- Problem requirements:
Omit all pictures, then retype the data exactly as given.

Scraped caption text data
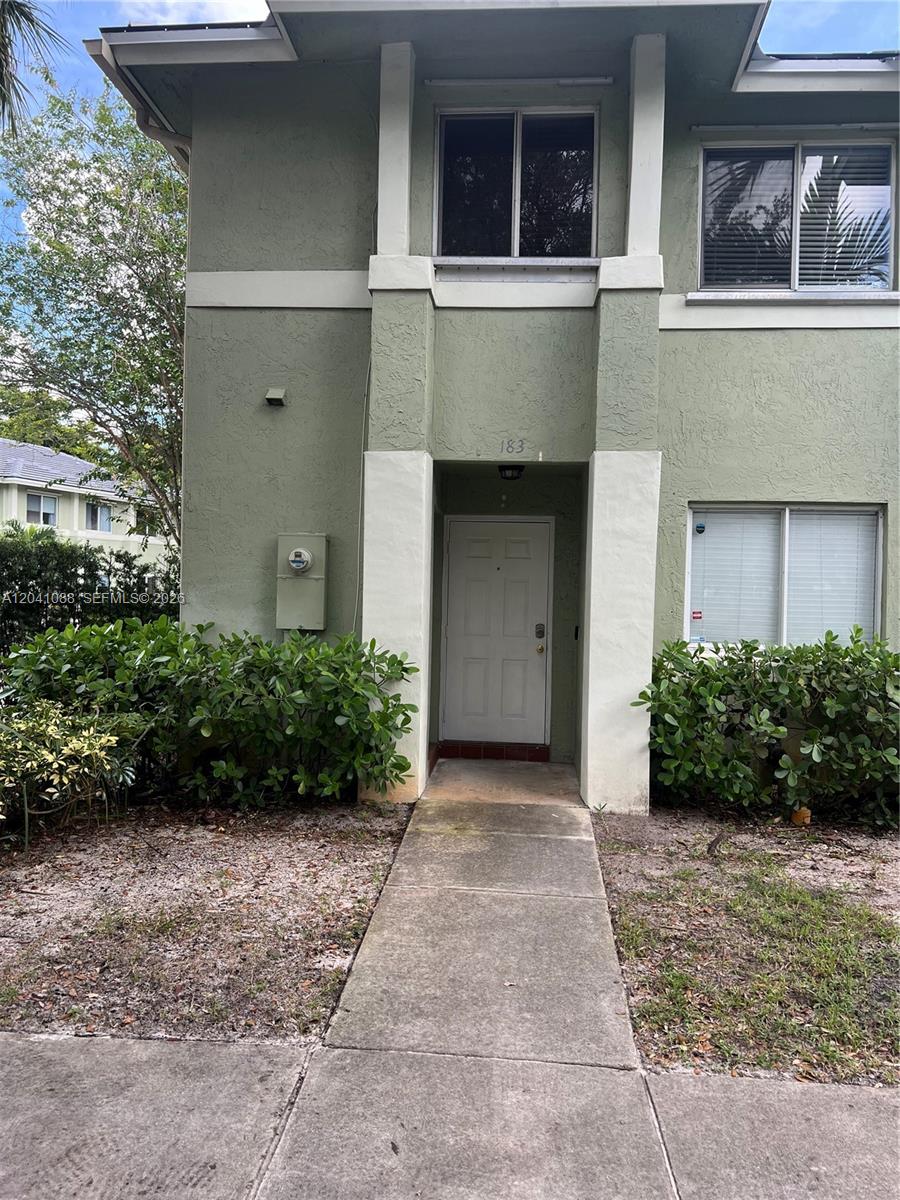 183 Hidden Ct Rd # 33 Unit: F-33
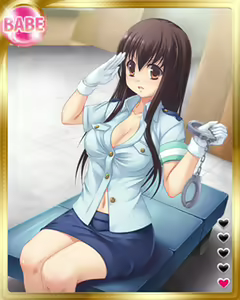 Page 1075 of PeroPero Seduction Cards Part 3 - preview thumbnail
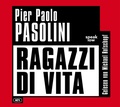 Cover: Ragazzi di Vita - speak low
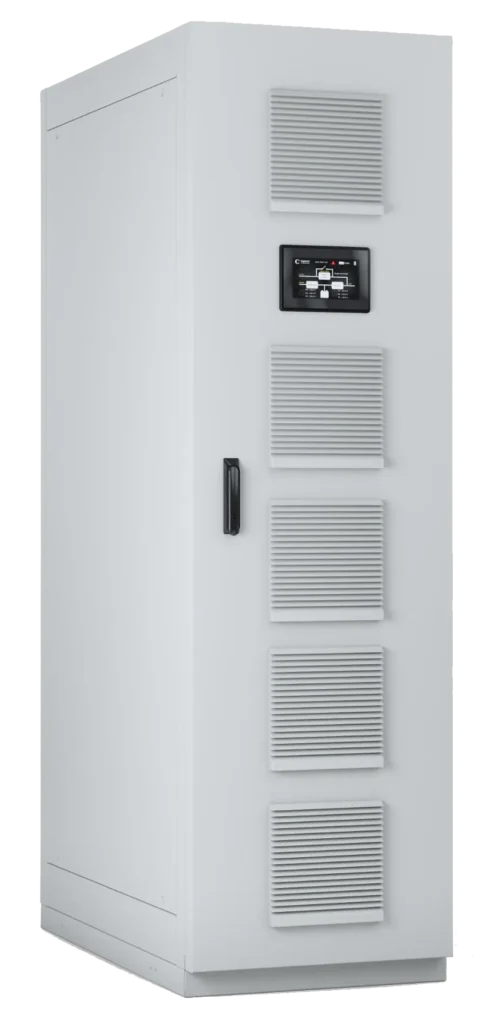 Rack DWTT-A5 Plugin IP42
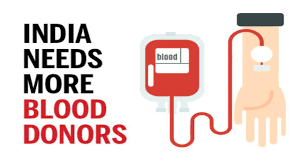 One Nation, 1.4 Billion People, Yet Too Few Donors—India Misses the Mark on Voluntary Donation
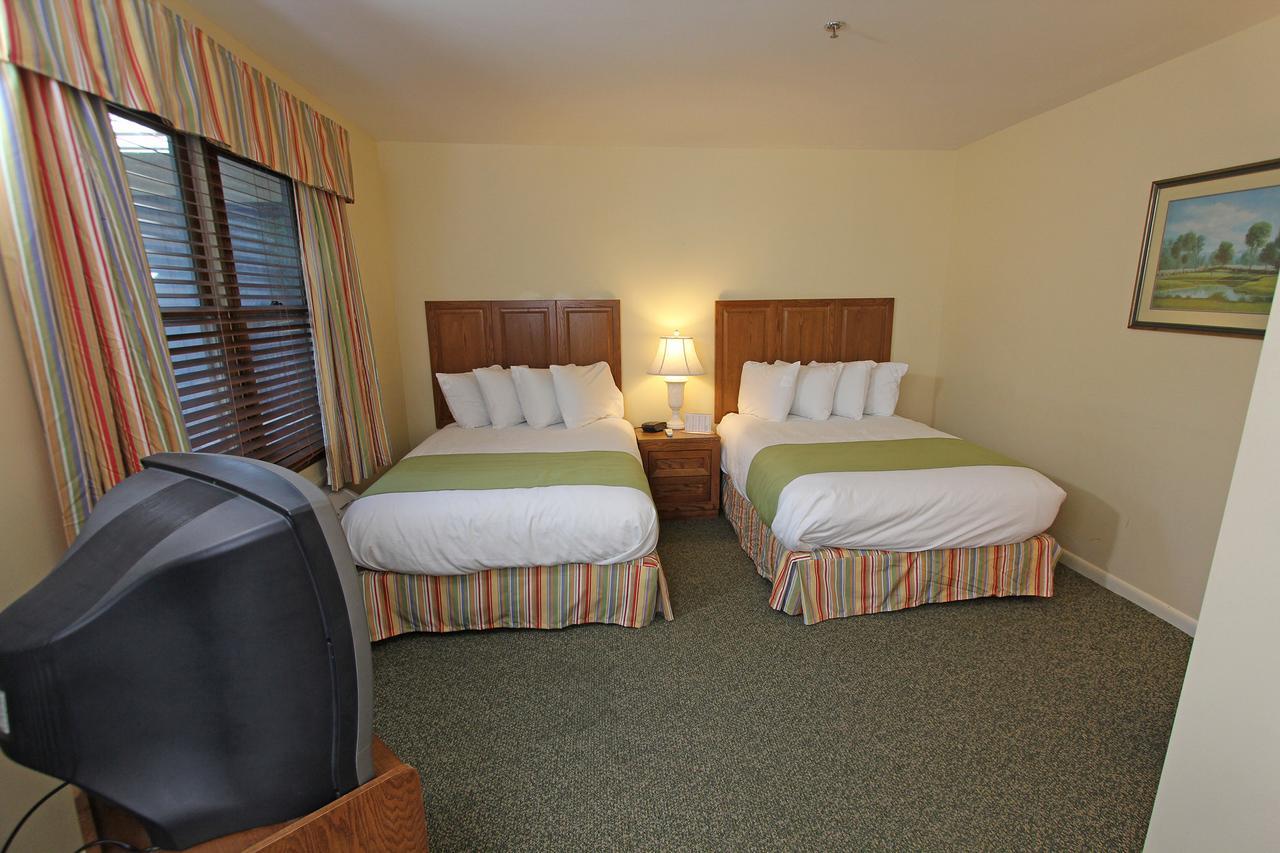 Kentucky Dam Village State Resort Park Gilbertsville Exterior foto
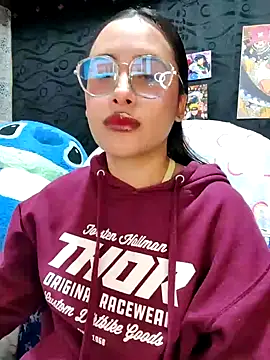 Snapshot of Janna_mnt chatting on January 27, 4:41 am Janna mnt online show from January 27, 4:41 am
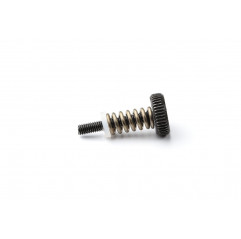 Thumbscrew Assembly - Bondtech Accessori - BondTech19050116 Bondtech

- Result of the exercise:
 183 Hidden Ct Rd # 33 Unit: F-33
 Page 1075 of PeroPero Seduction Cards Part 3 - preview thumbnail
 Cover: Ragazzi di Vita - speak low
 Rack DWTT-A5 Plugin IP42
 One Nation, 1.4 Billion People, Yet Too Few Donors—India Misses the Mark on Voluntary Donation
 Kentucky Dam Village State Resort Park Gilbertsville Exterior foto
 Snapshot of Janna_mnt chatting on January 27, 4:41 am Janna mnt online show from January 27, 4:41 am
 Thumbscrew Assembly - Bondtech Accessori - BondTech19050116 Bondtech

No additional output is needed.